Households in debt and businesses dealing with the uncertainty that is the aftermath of Brexit will welcome the first cut in interest rates since 2009. Savers, however, will feel the Bank of England has rubbed salt in their wounds.
And, in truth, one wonders whether the 0.25 per cent cut in rates is as much a public relations exercise as any attempt to stiffen the backbone of a decelerating economy.
After all, rates were already at historical lows of 0.5 per cent, creating benign conditions for people to take out loans. A quarter-point move is therefore not a game-changer of any sort.
Any household or small or medium-sized business weighing up taking out a loan – and thereby keeping the wheels of the economy turning – are not going to be swayed by a cut of 0.25 per cent.

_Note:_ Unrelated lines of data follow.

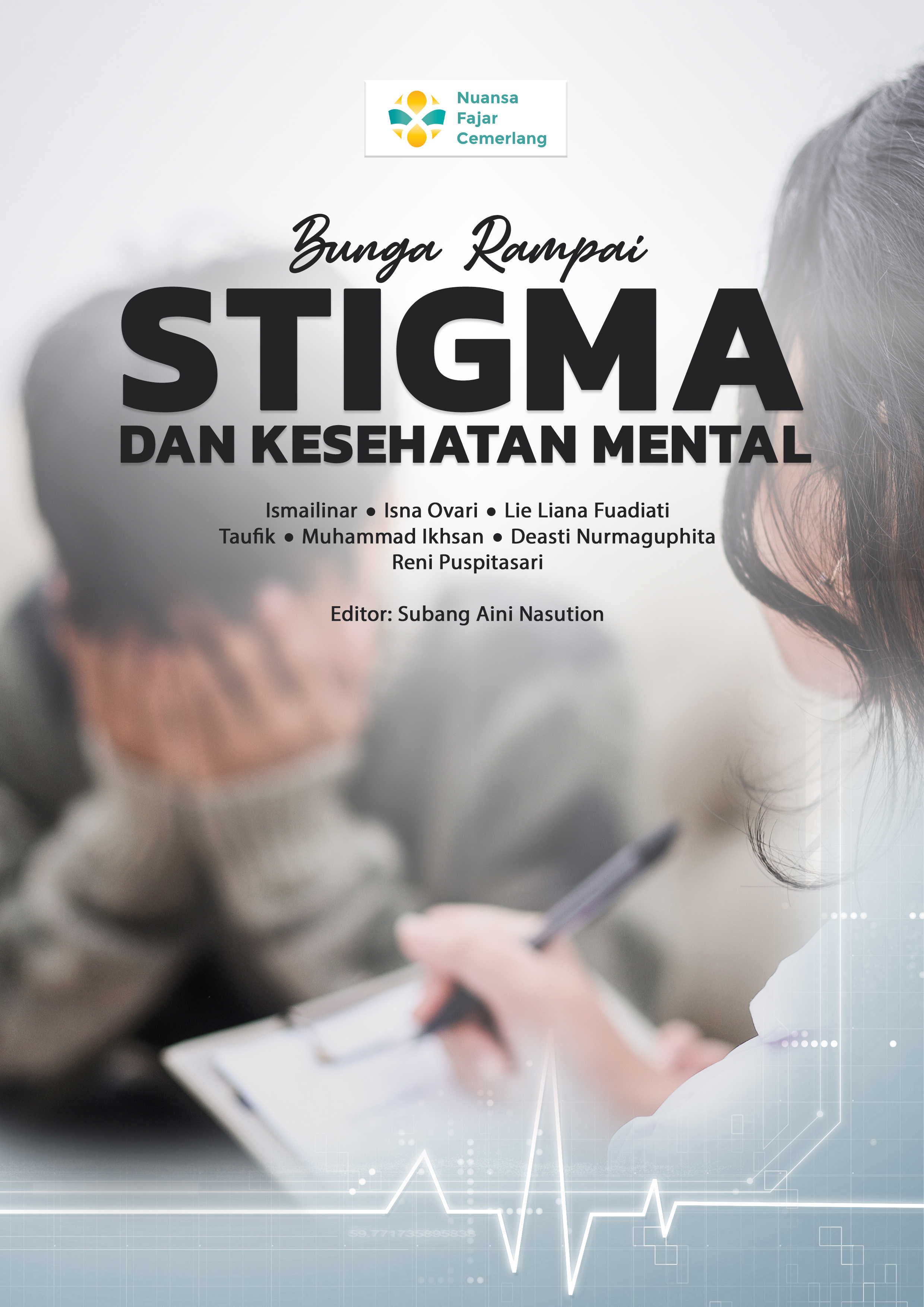 Cover Buku BUNGA RAMPAI STIGMA DAN KESEHATAN MENTAL.jpg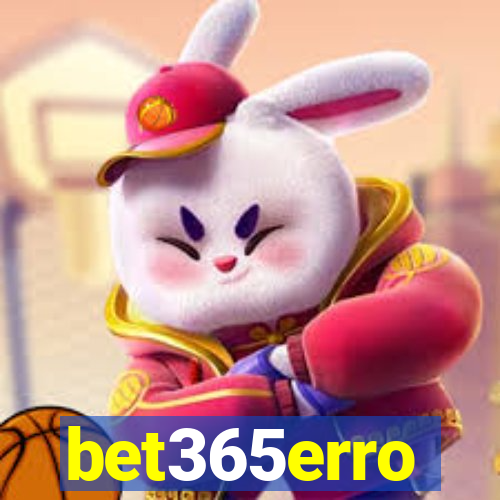 bet365erro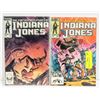 Image 1 : INDIANA JONES #4 & 15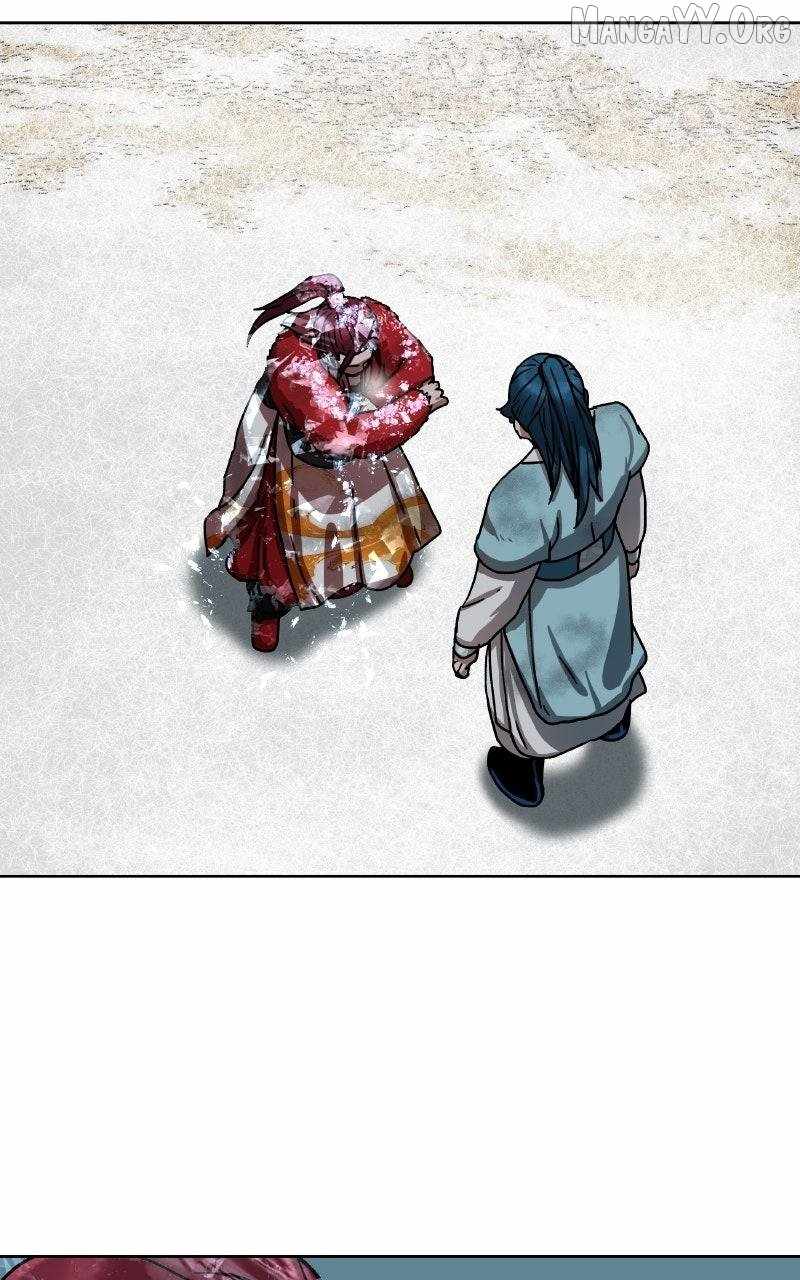 Like a Fiery Flame Chapter 22 - Page 125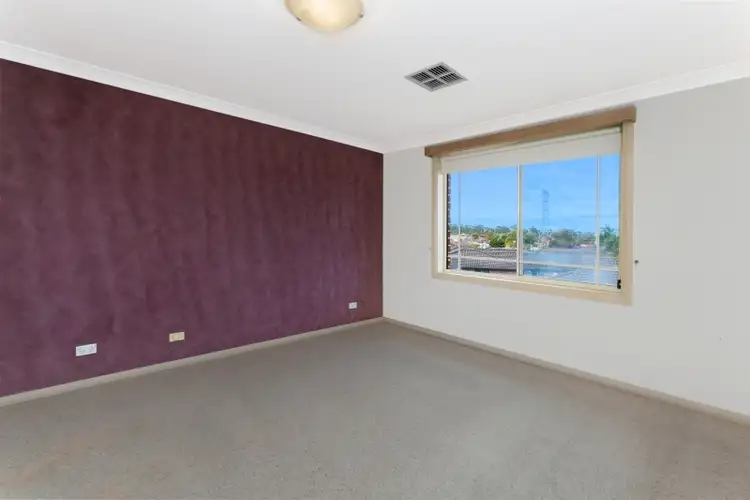 Third view of Homely semi-detached listing, 91B Whitford Road, Hinchinbrook NSW 2168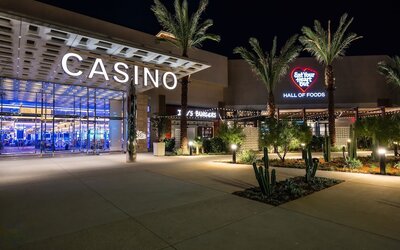 Durango Casino & Resort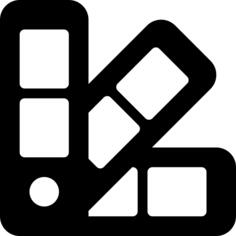 调色板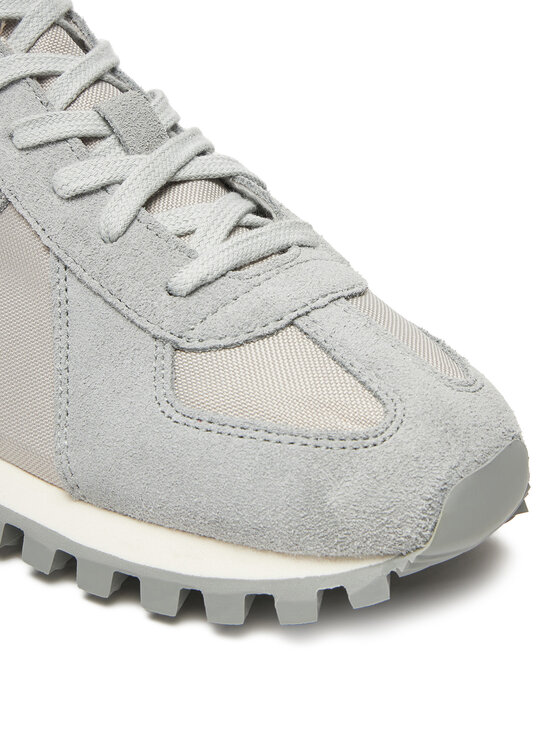 Novesta Tenisice Novesta Gat Trail N259004-910GRI212 Siva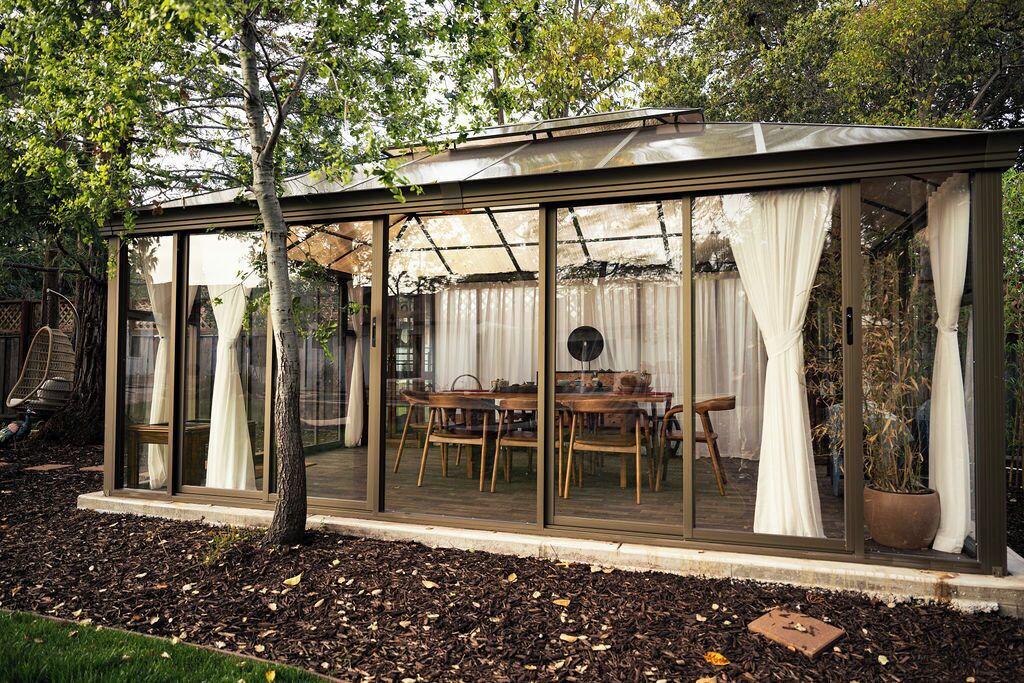 Photo of Outdoor in Cupertino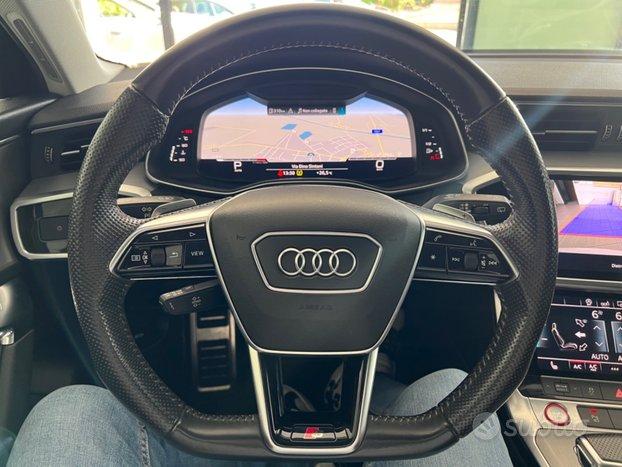 Audi S6 Avant 3.0 TDI Quattro 350cv Full Optional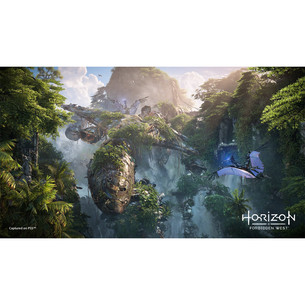 Horizon Forbidden West Complete Edition, Playstation 5 - Игра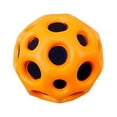 thumbnail image 1 of Pelota Hinchable Perfecl Naranja 2,8 Pulgadas Diseño Ergonómico ligero, 1 of 8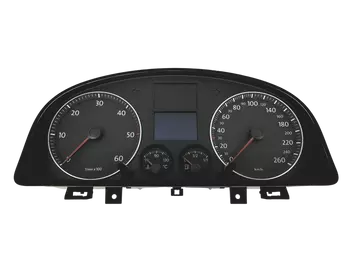 1T0920860G Bloc compteurs vitesse Volkswagen Diesel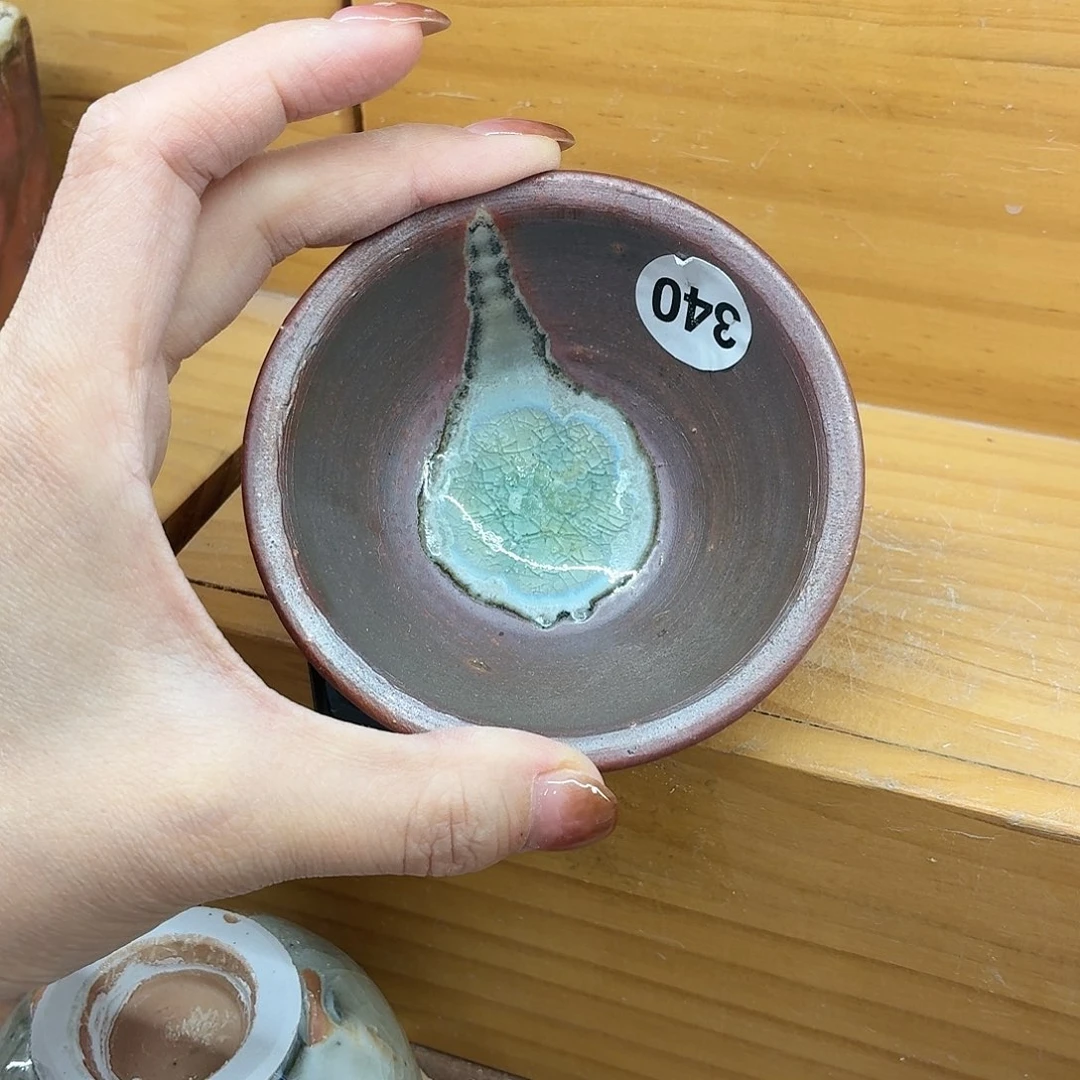 陶园柴烧，精品高货45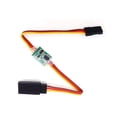 thumbnail image 2 of Methold Servo inversor de alta precisión, módulo de marcha atrás de señal de juguete de Control remoto, accesorios de modificación de automóviles, Electrónica miscelánea 3-24V, 2 of 6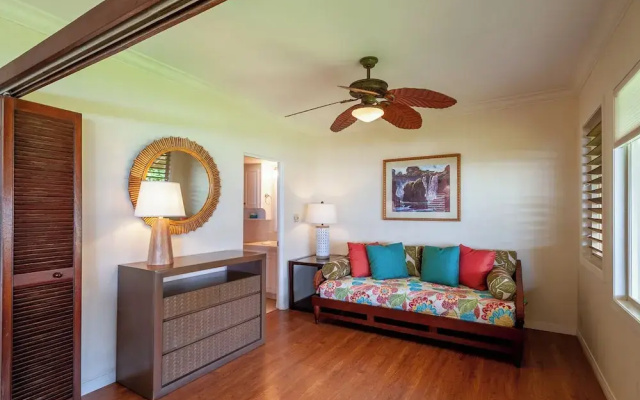 Hanalei Colony Resort K4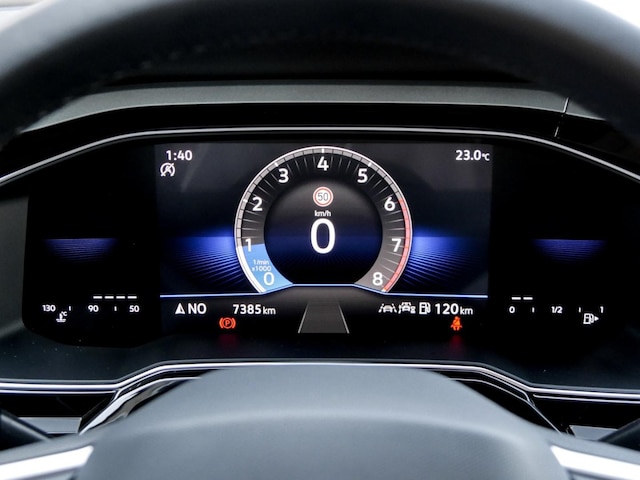 Volkswagen Polo 1.0 TSI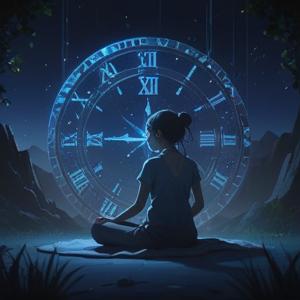 耳鳴りがする0時のスピリチュアルな意味を解説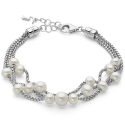 Miluna Miss Italia Bolle Women's Bracelet PBR3615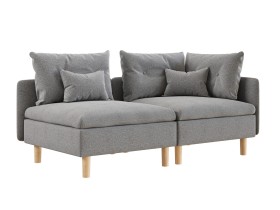 Кушетка Калисто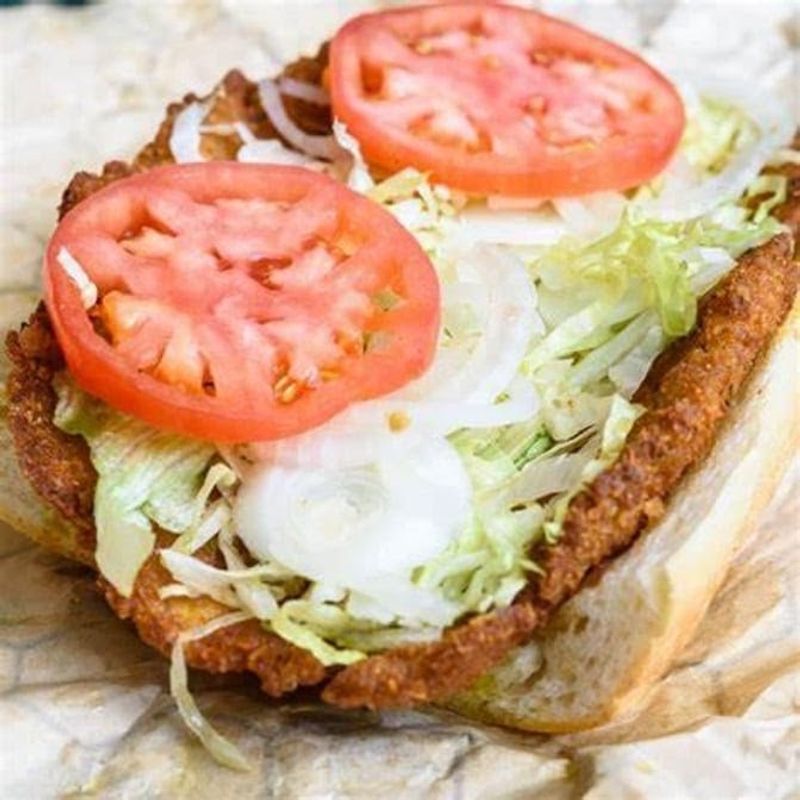 Chicken Caesar Gets A Serious Upgrade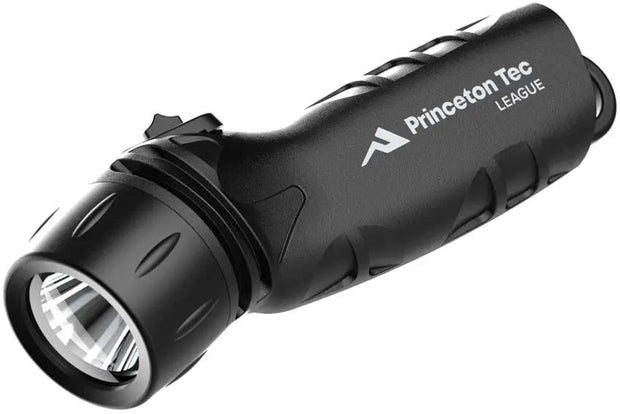 Princeton Tec League Flashlight Black LG4-BK by Princeton Tec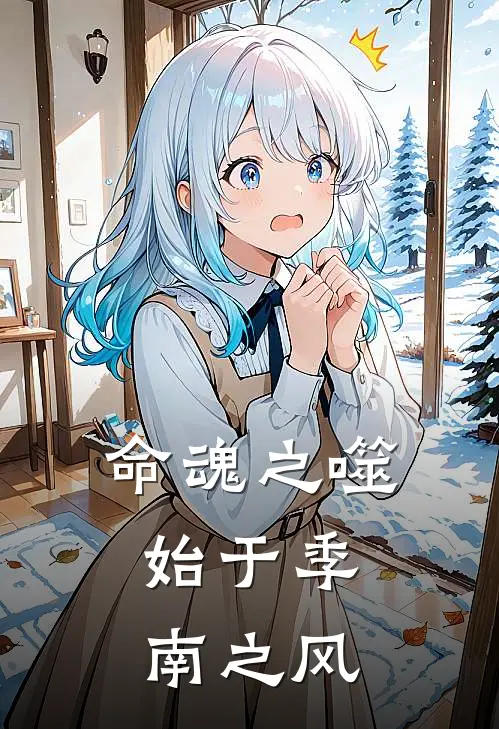 命魂之噬：始于季南之风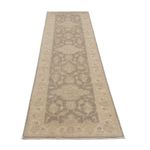 Runner Ziegler Rug - 304 x 76 cm - beige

With rates in the Deep South already, individuals or SMEs would have pressed the capital-raising button already if they were minded to.
And it has been estimated that five out of six mortgage borrowers in the UK will see no benefit from the latest cut.
Meanwhile, businesses cautious on investment are not so because of where interest rates are, but as a result of uncertainty arising from the UK referendum vote to leave the EU.
And that uncertainty will not be dissipated by incremental monetary tinkering. So has the Bank of England moved, even sub-consciously, because it must be seen to be “doing something” in the wake of the shock to the system that is Brexit?
Admittedly, pressures have risen on the Bank to pull some levers, even if no rabbit out of the hat, in the wake of a slew of data that shows UK economic growth is slowing sharply. Services, manufacturing and construction have all been noticeably hit, rasing echoes of the last recession.
In that context, much more meaningful is the BoE’s other action yesterday in expanding its pump-priming £375 billion quantitative easing (QE) programme by £60bn to £435bn – the first QE increase since 2012.
It is also buying £10bn of corporate debt and announced a new scheme worth up to £100bn to encourage banks to lend to households and businesses.
Perhaps the best course of action may have been for the Bank to press the button on that big-picture stuff, but leave the almost red herring of interest rates where they were.